Time to think big, bold once again

"Make no little plans," said 19th century architect and urban planner Daniel Burnham. He would be impressed by an award-winning plan by a Bridgeport duo, Sarah Dunn and Martin Felsen of UrbanLab, whose cross-disciplinary design firm handles building and renovations.

Dunn and Felsen have proposed turning some Chicago streets into "eco-boulevards" featuring man-made waterways for naturally cleaning waste and storm water. The eco-boulevards would not only recycle water, which scientists expect to be an increasingly scarce commodity this century, but add substantially to the city's parkland and garden acreage.

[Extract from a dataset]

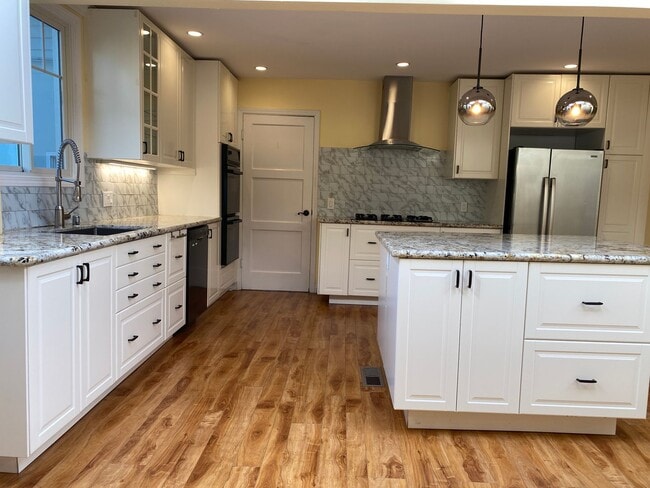 Building Photo - REDWOOD CITY - Beautifully Updated 3BR/2BA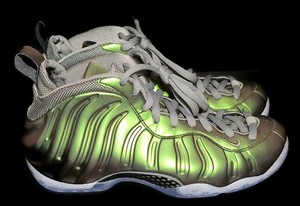 foamposite iridescent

The plan even would return farmland, forests, and prairies to the interior of the city for the first time since the days of Mrs. O'Leary's cow. The plan also would restore the natural flow of the Chicago River, which was reversed from east to west in 1899.

Implementing this plan would fit Chicago's 19th and early 20th century grand tradition of doing things big—reversing the river, constructing the el, building Northerly Island, filling in huge swaths of lakefront to create new communities such as Streeterville, holding world's fairs, erecting massive public housing projects, and creating the expressway system. All of these were huge projects that many people did not think could be done—until Chicago did them. Not all of them worked, but all were the result of thinking big and bold.

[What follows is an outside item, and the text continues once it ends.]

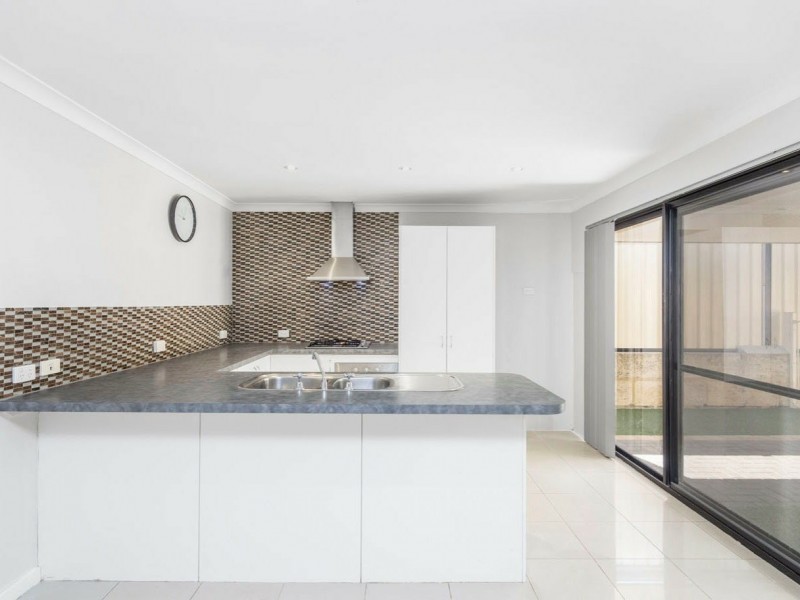 24 Lantern Way, Clarkson WA 6030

Governments have shied away from such huge projects in recent years. They are tougher to do because community input is required (and rightly so) and because politicians fear a backlash to any public expenditure, fueled by those who believe all government is bad—a philosophy that has taken root since the 1980s but was unheard of in the era of thinking big and bold.

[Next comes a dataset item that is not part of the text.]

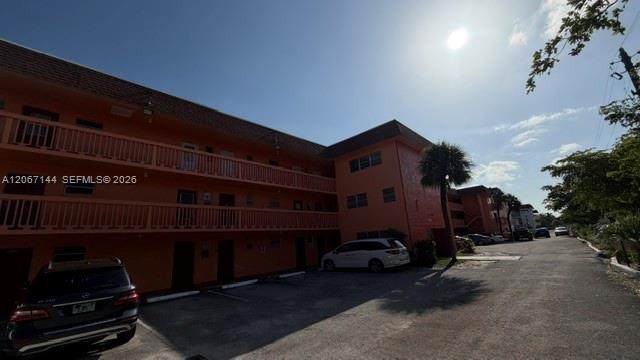 https://bt-photos.global.ssl.fastly.net/miami/1280_boomver_2_A12067144-2.jpg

Tough, but not impossible. The time for bigness and boldness has come again. With economists predicting a shrinking economy, such a massive program would create thousands of jobs in the city. And with scientists predicting a shrinking water supply, dealing with the situation before it becomes a crisis would merely be sound governmental policy—the aquatic equivalent of fixing the bridge before it falls down.

We urge the City to give the Dunn/Felsen plan serious consideration. Chicago has done big and bold before. Their time has come again.